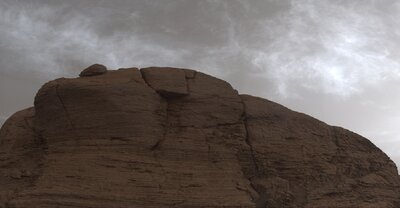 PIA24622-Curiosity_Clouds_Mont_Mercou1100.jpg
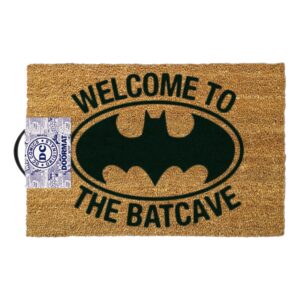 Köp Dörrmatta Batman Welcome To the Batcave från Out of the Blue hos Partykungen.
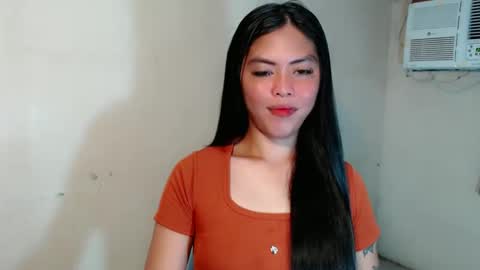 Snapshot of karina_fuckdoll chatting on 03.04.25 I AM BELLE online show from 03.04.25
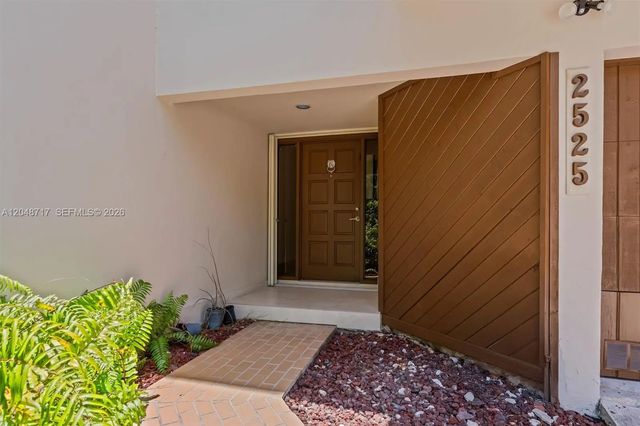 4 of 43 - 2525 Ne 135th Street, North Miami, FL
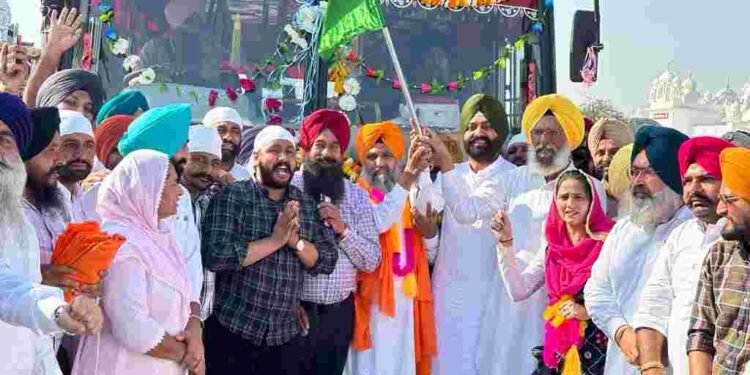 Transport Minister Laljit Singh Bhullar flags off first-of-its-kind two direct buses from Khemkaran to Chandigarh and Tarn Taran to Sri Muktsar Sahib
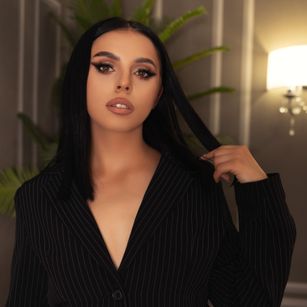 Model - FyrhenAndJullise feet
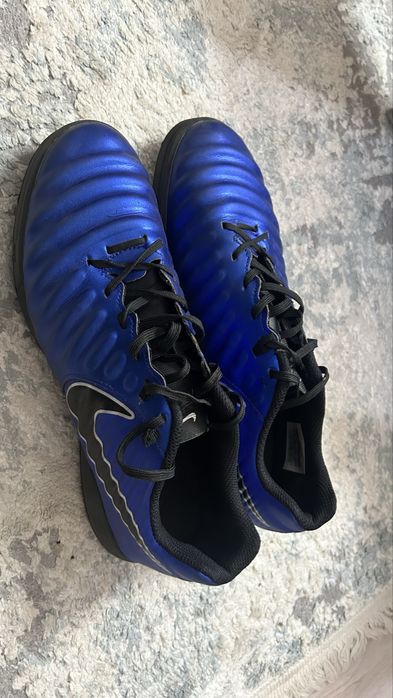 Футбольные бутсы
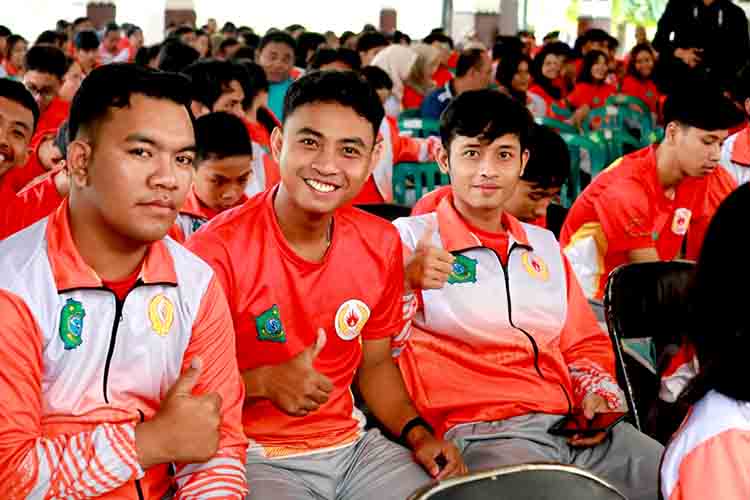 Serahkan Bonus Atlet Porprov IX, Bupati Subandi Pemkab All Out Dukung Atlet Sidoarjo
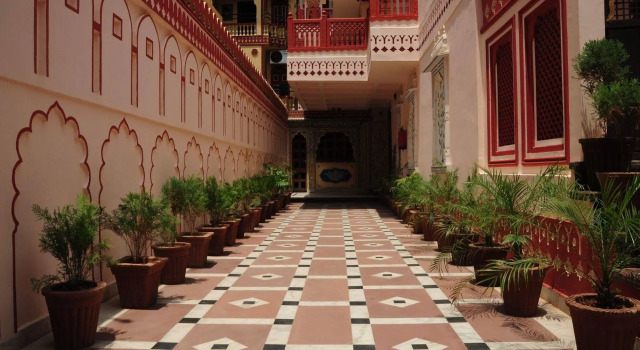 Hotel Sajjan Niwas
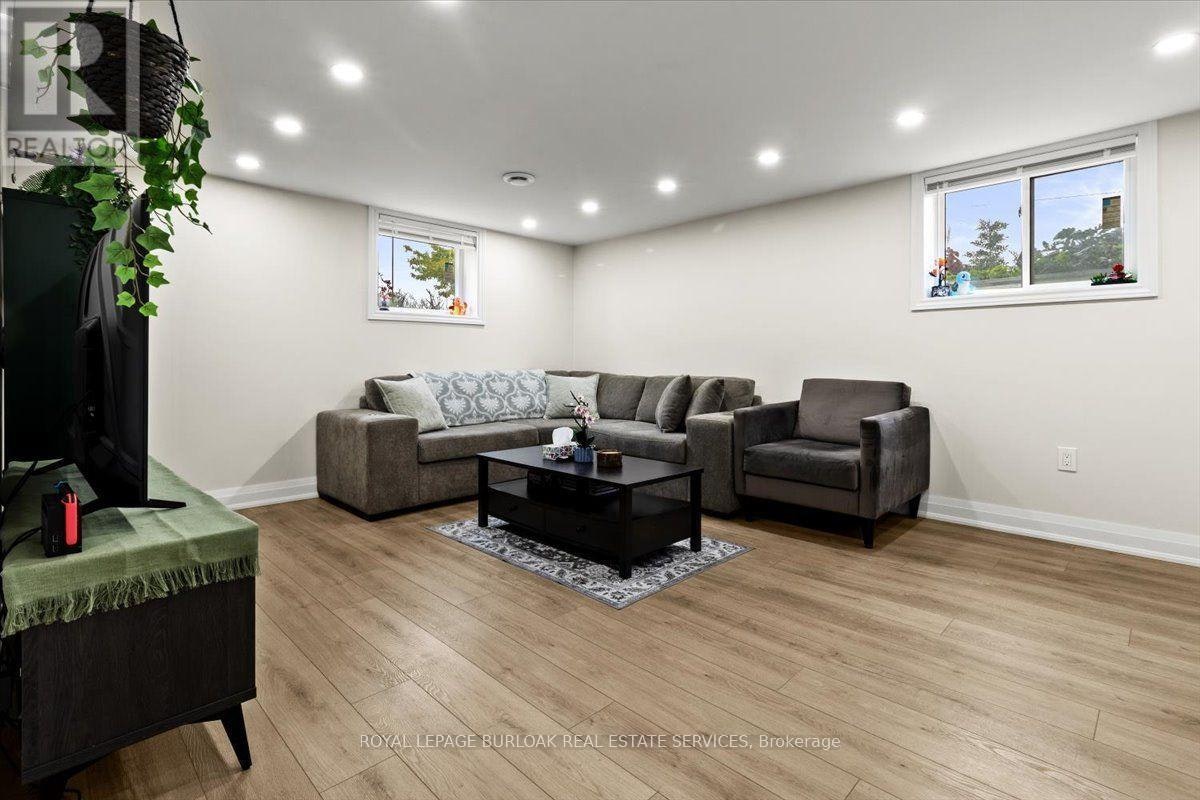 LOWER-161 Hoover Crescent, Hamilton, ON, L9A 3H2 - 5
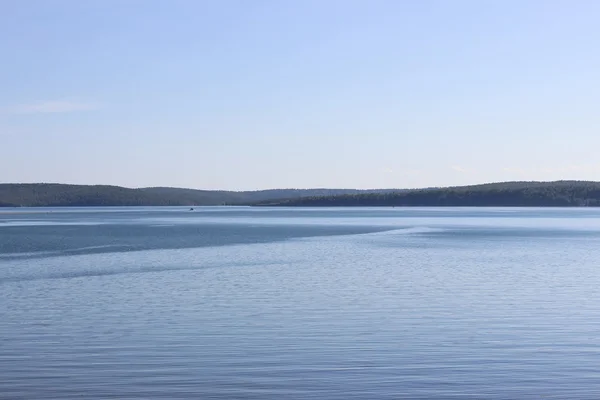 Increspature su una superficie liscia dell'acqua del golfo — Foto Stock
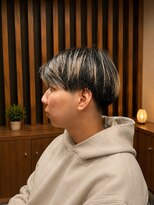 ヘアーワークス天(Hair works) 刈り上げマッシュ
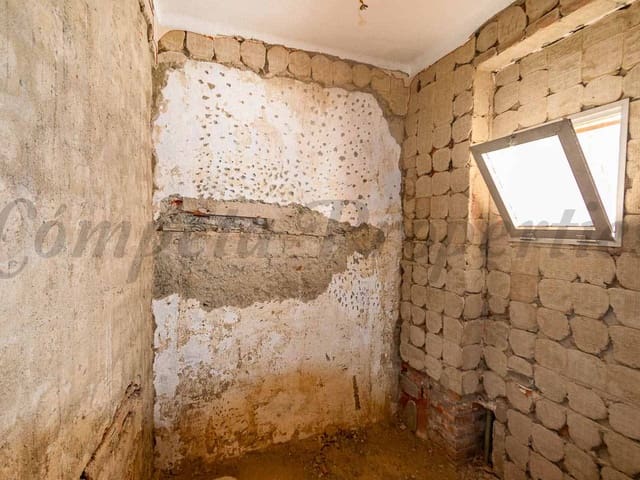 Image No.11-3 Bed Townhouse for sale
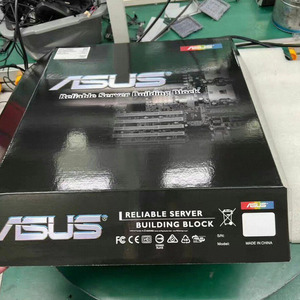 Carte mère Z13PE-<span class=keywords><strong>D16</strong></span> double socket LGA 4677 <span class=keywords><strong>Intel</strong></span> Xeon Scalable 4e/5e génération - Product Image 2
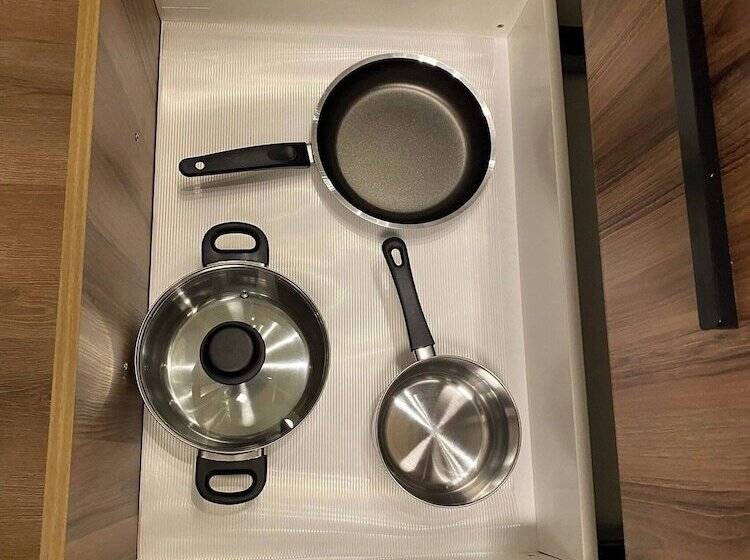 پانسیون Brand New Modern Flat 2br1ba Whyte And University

About this exercise: Work from the entries above. Set down exactly and only the lines from the line with "LOWER-161 Hoover Crescent, Hamilton, ON, L9A" to the line with "Image No.11-3 Bed Townhouse for sale", both included, and leave the pictures out.

Finished task:
 LOWER-161 Hoover Crescent, Hamilton, ON, L9A 3H2 - 5
 Increspature su una superficie liscia dell'acqua del golfo — Foto Stock
 ヘアーワークス天(Hair works) 刈り上げマッシュ
 Image No.11-3 Bed Townhouse for sale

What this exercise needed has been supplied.